The secularizing shifts evident in American society so far in the 21st century show no signs of slowing. The latest Pew Research Center survey of the religious composition of the United States finds the religiously unaffiliated share of the public is 6 percentage points higher than it was five years ago and 10 points higher than a decade ago. Christians continue to make up a majority of the U.S. populace, but their share of the adult population is 12 points lower in 2021 than it was in 2011. In addition, the share of U.S. adults who say they pray on a daily basis has been trending downward, as has the share who say religion is “very important” in their lives.

For such a short period, these figures are stunning.

Full disclosure demands that I offer one alternative interpretation for these numbers. What surveys measure is primarily how people answer surveys. Conceivably, the sharp increase in people declaring themselves as None does not measure much change in actual behavior or belief. Rather, what we are measuring is a change in broad attitudes to organized religion, so that far more people are willing to proclaim themselves unaffiliated, regardless of what they actually do on a Sunday (or Friday, or Saturday). We can think of plenty of reasons for why people would not today accept a generic label as they might have done in the past. For Catholics, one obvious driving force would be the clergy abuse crises of the past three decades. For evangelicals, it would be the vicious political debates and the disastrous media coverage, particularly since 2016. For whatever reason, people think it is much more acceptable, and respectable, to deny religious affiliation than they might have done thirty years ago. Those older default settings no longer operate.
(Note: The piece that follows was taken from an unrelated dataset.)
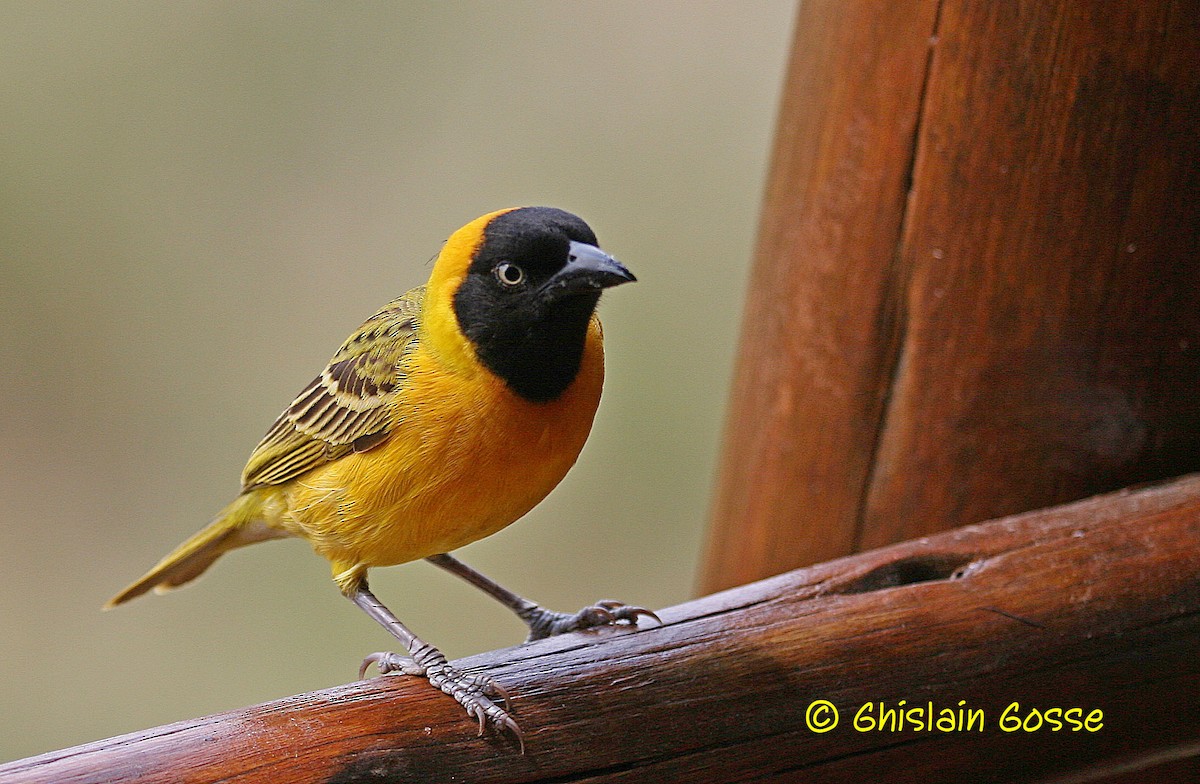Lesser Masked-Weaver - Ghislain Gosse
As I say, that is one possible approach. More supportive of an actual religious decline is the contraction of religious practice, such as frequent prayer. It is also striking that far fewer people accept even the generic and highly flexible “Christian” label. If the Nones do not track secularization as precisely as we might think, then that figure is still significant. If those numbers are not everything, they are not nothing.

Taken together with the demographic evidence, I think these figures do support the case for a serious secular trend in the US. So, at what date do the Nones become an absolute majority in the US? The mid-2030s?
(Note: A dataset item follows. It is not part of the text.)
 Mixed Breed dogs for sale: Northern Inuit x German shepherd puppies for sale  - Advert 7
Welcome to secular Scandinavia?

 

As to the second topic, the reshaping of faith. The Economist is required reading for anyone interested in international affairs, whether in politics, business or – well, just about anything. They don’t often get deep into religious matters, but when they do, the results can be really powerful, and provocative.
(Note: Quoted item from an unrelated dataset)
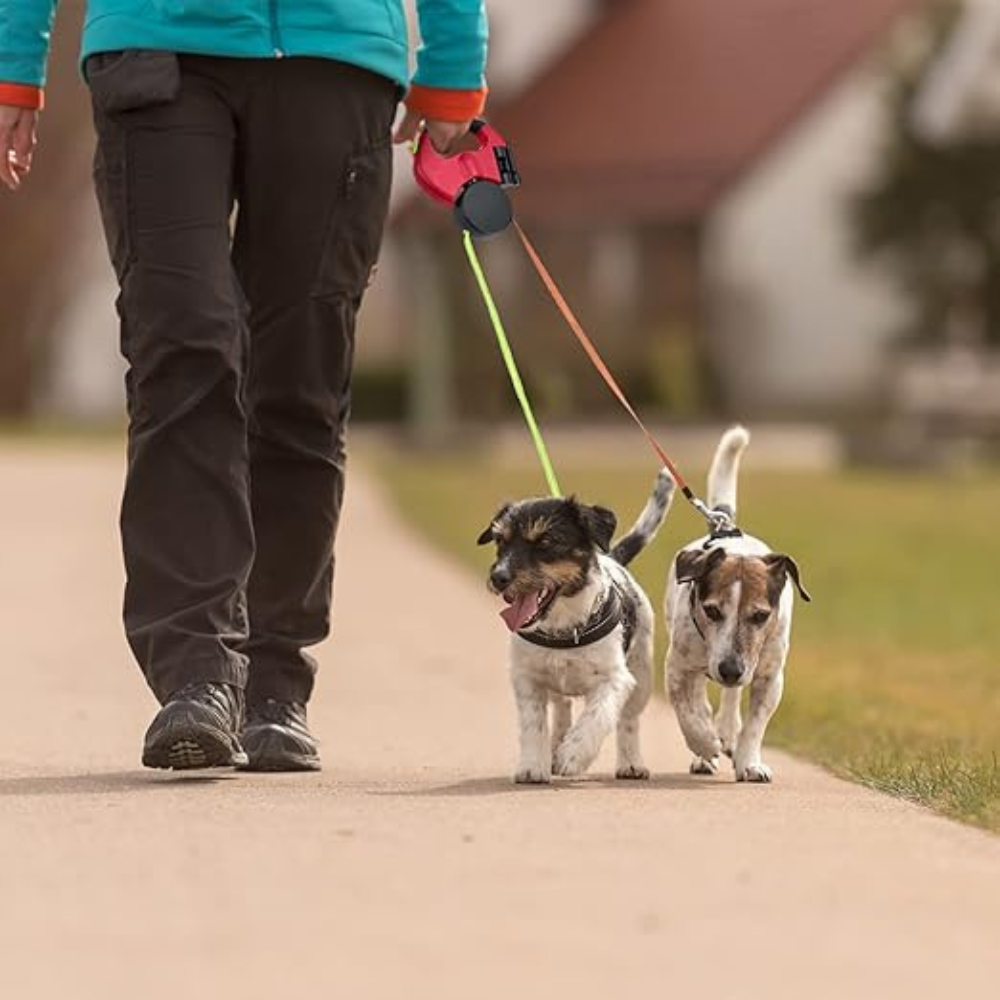 DuoLeash™ Hondenriem | Moeiteloze wandelingen met al uw Honden | 50% korting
A recent issue offered a story entitled “Britain’s new suburbs are peculiar places: They resemble neither American suburbs nor older British ones” [paywalled]. This was a case study of a new and thriving suburban settlement at Aylesbury Vale, and one core theme was the creation here of new kinds of community. The story suggested that this region might be the harbinger of many others, in “its ambivalence about cars, its digital enthusiasm, its ethnic complexity and its almost complete lack of high-street shops or formal religious institutions.” By implication, this is the emerging reality for Britain, and for much of Europe as well, not to mention societies such as Canada and Australia. And, just maybe, the US?

Let me focus on that religious theme, although in a sense that is integral to the whole.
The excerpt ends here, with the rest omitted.